We also measured transfers with a SanDisk Extreme 900 Portable SSD, provided by CalDigit and which we returned after testing. SanDisk announces that this disk can reach 850 MB / s in read as in write (against 450 MB / s for the Samsung T3). The USB 3.2 Gen 1 ports cannot take advantage of this speed: they cap at best at 5 Gbps, or 625 MB / s. However, the USB 3.2 Gen 2 ports, which reach 10 Gbps, can. We saw a slight improvement on the USB-A, at 347 MB ​​/ s in read and 309.7 MB / s in write, and the lowest port was once again significantly faster at 419.3 MB / s in read and 373.7 MB / s write. The difference between the two USB-C was striking: the slowest, on the front, reached 351 MB / s in reading and 313.3 MB / s in writing on average; the backend (Gen 2) was almost twice as fast, with 736.3 MB / s read and 605.7 MB / s write.

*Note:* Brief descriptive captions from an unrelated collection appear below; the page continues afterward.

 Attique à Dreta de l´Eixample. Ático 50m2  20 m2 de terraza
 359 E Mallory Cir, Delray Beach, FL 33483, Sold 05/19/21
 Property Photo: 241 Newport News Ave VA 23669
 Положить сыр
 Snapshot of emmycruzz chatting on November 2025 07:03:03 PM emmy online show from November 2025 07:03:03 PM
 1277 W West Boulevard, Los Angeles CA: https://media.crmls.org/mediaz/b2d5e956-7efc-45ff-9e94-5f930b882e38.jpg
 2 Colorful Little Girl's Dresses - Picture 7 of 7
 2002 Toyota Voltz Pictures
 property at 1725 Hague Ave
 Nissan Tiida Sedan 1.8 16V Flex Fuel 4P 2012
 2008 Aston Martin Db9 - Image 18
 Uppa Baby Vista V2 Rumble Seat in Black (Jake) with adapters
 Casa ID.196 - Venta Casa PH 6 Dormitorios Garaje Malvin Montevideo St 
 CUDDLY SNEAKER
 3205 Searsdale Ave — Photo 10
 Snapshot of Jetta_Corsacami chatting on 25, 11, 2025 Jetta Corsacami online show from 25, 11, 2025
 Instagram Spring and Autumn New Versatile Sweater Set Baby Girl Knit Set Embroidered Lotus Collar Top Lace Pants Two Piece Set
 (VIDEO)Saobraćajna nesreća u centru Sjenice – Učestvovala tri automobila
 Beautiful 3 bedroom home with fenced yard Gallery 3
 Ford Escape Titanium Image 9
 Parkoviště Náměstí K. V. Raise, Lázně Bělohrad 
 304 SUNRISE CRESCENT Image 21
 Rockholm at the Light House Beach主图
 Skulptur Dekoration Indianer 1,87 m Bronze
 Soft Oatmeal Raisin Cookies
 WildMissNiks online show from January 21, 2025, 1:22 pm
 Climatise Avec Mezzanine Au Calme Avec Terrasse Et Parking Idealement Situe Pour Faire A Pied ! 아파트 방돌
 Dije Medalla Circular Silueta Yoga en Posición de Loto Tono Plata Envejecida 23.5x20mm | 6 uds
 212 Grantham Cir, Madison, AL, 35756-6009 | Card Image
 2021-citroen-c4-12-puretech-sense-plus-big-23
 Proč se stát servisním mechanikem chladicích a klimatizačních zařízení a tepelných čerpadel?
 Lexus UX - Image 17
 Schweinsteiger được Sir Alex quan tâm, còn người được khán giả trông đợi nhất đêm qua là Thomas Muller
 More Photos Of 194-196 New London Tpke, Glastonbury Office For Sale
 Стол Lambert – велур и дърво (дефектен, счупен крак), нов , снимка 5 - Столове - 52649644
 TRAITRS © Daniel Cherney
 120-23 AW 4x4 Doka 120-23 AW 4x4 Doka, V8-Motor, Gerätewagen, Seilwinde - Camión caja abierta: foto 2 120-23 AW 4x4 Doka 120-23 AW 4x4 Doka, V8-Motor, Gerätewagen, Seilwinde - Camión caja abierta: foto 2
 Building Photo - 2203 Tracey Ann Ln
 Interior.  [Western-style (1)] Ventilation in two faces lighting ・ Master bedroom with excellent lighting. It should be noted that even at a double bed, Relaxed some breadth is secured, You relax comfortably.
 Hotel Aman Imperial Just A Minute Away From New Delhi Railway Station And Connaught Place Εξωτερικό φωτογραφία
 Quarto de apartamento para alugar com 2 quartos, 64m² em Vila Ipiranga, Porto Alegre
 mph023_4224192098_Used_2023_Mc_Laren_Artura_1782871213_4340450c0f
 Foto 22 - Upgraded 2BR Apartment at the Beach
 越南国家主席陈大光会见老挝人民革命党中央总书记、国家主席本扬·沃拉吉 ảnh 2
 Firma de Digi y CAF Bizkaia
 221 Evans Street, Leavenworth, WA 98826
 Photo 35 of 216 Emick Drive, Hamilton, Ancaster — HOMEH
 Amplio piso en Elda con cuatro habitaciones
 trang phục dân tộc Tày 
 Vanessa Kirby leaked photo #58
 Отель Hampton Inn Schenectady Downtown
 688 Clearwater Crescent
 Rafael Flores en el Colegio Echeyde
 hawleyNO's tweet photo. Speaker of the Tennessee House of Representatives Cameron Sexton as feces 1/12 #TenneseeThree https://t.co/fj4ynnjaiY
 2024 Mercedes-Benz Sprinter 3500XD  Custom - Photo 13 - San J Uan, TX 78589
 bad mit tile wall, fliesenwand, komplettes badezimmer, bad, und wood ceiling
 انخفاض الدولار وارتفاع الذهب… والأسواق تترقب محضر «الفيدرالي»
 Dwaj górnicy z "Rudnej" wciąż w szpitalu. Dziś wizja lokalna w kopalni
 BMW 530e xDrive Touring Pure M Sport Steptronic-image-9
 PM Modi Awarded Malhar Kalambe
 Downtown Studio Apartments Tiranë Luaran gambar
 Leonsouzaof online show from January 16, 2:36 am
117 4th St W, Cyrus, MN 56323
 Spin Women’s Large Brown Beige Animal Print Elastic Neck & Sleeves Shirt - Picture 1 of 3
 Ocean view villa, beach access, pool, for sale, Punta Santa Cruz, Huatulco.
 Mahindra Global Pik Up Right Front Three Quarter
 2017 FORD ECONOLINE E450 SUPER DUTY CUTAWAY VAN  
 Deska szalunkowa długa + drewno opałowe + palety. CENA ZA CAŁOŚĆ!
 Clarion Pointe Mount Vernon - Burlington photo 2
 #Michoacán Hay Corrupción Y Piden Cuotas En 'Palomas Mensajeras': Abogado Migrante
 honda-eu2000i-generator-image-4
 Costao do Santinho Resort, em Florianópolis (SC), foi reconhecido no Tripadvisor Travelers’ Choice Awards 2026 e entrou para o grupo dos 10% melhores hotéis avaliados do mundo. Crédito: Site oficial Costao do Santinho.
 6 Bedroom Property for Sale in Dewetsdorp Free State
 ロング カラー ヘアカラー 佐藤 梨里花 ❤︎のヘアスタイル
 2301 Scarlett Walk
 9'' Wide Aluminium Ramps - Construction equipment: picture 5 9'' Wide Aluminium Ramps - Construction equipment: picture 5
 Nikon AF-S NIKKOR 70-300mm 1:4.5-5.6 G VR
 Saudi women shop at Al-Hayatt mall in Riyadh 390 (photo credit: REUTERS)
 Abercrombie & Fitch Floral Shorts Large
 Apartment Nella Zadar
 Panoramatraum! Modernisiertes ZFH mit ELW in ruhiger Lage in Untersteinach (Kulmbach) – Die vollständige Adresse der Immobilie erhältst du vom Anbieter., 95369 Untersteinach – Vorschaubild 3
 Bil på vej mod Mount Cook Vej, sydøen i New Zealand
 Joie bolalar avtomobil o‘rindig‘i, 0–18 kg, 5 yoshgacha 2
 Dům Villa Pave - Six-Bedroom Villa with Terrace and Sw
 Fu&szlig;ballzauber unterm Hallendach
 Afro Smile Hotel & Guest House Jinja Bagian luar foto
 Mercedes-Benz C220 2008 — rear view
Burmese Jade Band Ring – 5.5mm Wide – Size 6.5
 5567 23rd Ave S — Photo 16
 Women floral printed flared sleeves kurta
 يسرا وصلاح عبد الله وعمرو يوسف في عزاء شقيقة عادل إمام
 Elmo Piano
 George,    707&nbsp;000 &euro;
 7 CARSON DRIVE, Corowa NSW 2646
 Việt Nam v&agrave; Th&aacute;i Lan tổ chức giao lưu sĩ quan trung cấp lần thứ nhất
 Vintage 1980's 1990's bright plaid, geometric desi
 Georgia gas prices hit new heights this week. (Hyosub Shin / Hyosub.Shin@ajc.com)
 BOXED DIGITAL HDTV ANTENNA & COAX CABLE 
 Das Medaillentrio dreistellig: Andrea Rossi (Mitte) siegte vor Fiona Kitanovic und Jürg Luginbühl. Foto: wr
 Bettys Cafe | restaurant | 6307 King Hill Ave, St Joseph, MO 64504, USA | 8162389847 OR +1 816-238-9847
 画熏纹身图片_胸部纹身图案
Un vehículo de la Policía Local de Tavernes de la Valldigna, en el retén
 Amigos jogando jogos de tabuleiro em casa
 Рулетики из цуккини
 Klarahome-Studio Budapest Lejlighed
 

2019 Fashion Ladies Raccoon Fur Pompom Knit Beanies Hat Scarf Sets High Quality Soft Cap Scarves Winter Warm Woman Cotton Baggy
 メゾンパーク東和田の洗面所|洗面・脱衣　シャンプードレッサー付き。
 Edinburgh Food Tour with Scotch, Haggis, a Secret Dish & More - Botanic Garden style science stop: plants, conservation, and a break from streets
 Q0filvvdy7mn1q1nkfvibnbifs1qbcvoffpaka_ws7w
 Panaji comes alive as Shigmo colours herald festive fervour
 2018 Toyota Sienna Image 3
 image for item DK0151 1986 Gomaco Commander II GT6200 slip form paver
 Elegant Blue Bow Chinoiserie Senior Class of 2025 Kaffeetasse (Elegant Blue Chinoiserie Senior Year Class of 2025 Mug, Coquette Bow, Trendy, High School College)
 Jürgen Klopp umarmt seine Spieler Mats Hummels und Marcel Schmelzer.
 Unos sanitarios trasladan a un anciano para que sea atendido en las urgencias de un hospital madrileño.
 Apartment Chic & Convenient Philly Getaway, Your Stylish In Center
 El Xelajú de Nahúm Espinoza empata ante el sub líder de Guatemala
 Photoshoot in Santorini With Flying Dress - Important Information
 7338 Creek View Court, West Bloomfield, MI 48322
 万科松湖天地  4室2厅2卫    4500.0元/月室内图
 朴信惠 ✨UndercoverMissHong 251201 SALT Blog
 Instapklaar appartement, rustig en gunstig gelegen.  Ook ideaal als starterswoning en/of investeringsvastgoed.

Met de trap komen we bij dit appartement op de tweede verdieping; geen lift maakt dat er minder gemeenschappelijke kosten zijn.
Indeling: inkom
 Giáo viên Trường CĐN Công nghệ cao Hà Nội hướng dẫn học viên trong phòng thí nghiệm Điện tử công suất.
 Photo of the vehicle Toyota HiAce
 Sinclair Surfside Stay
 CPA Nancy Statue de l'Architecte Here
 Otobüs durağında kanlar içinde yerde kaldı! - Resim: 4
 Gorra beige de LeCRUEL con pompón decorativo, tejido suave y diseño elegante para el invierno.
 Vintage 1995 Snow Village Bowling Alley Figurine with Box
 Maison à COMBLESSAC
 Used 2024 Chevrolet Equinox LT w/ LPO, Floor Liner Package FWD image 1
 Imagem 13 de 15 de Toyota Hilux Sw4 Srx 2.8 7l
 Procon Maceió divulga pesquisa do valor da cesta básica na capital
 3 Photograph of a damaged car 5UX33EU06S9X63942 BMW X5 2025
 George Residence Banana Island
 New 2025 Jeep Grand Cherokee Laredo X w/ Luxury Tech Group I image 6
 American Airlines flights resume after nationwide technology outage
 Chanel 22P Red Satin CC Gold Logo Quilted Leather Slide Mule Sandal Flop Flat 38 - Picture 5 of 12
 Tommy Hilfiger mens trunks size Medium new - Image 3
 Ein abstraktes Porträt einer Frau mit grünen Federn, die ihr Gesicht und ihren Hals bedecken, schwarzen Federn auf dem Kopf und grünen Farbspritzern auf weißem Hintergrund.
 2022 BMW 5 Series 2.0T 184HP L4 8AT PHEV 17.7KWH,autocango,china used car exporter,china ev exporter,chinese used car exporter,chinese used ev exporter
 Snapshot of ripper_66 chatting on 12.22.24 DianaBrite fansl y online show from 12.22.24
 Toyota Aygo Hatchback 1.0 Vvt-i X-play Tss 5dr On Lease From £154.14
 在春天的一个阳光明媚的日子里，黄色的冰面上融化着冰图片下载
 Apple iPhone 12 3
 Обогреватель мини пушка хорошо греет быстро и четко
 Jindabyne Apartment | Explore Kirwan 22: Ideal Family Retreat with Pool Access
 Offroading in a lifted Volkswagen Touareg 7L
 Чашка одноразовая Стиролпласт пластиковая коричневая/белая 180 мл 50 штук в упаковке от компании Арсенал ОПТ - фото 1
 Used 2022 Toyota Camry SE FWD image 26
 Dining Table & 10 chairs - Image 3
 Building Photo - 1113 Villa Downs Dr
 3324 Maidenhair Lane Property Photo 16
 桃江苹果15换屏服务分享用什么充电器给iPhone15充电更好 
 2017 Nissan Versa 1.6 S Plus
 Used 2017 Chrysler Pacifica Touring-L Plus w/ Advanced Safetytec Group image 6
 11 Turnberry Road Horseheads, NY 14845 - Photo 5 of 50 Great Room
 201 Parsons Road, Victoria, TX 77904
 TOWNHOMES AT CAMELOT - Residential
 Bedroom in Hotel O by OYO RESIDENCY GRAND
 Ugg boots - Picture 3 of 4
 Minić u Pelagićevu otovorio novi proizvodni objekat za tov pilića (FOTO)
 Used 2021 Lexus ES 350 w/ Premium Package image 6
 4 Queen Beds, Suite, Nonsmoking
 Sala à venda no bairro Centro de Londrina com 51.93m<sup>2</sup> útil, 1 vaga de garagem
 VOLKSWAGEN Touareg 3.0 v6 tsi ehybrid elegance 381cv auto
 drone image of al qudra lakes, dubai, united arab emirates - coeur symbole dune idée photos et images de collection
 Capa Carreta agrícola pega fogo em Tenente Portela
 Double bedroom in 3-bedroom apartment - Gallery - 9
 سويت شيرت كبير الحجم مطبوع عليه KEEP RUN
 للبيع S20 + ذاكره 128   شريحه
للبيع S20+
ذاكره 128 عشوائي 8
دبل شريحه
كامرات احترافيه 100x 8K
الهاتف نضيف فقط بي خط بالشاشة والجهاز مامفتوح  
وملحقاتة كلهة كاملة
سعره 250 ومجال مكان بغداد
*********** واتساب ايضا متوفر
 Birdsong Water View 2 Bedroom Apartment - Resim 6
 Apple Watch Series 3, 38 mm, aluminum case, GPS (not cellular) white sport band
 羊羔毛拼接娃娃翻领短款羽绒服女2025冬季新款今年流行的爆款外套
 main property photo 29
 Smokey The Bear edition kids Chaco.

We obtained even higher data rates by plugging the disk via its USB-C cable directly into the free Thunderbolt port of the dock: 829.7 MB / s in read and 734.3 MB / s in write. All this to say that the TS3 Plus manages high throughputs when combined with suitable equipment.

The TS3 Plus is one of the most compact docks on the market, which limits its size on the desk, especially if you place it vertically.

During our tests with the LaCie Bolt 3, a Thunderbolt 3 SSD, the speeds offered by the TS3 Plus were several times higher than those of the USB ports. However, like all competitors, it did not achieve the same speeds as connecting the drive directly to the computer's Thunderbolt port, nor the maximum transfer speed announced by LaCie. By connecting the player directly to the computer, we got an average read speed of 2,229 MB / s (17.83 Gbps); through the TS3 Plus, the speed remained very close, at 2,173 MB / s (or 17.39 Gbps). Read speeds suffered more, going from 953.3 MB / s (7.63 Gbps) in direct connection to 704.7 MB / s (5.64 Gbps) via the dock. Again, these results are comparable to those obtained at other docks, and these figures indicate extremely fast transfers compared to those of most other types of connections. However, don't buy this dock (or any dock) expecting to get the same performance as if you plug the fastest Thunderbolt 3 drives directly into your computer.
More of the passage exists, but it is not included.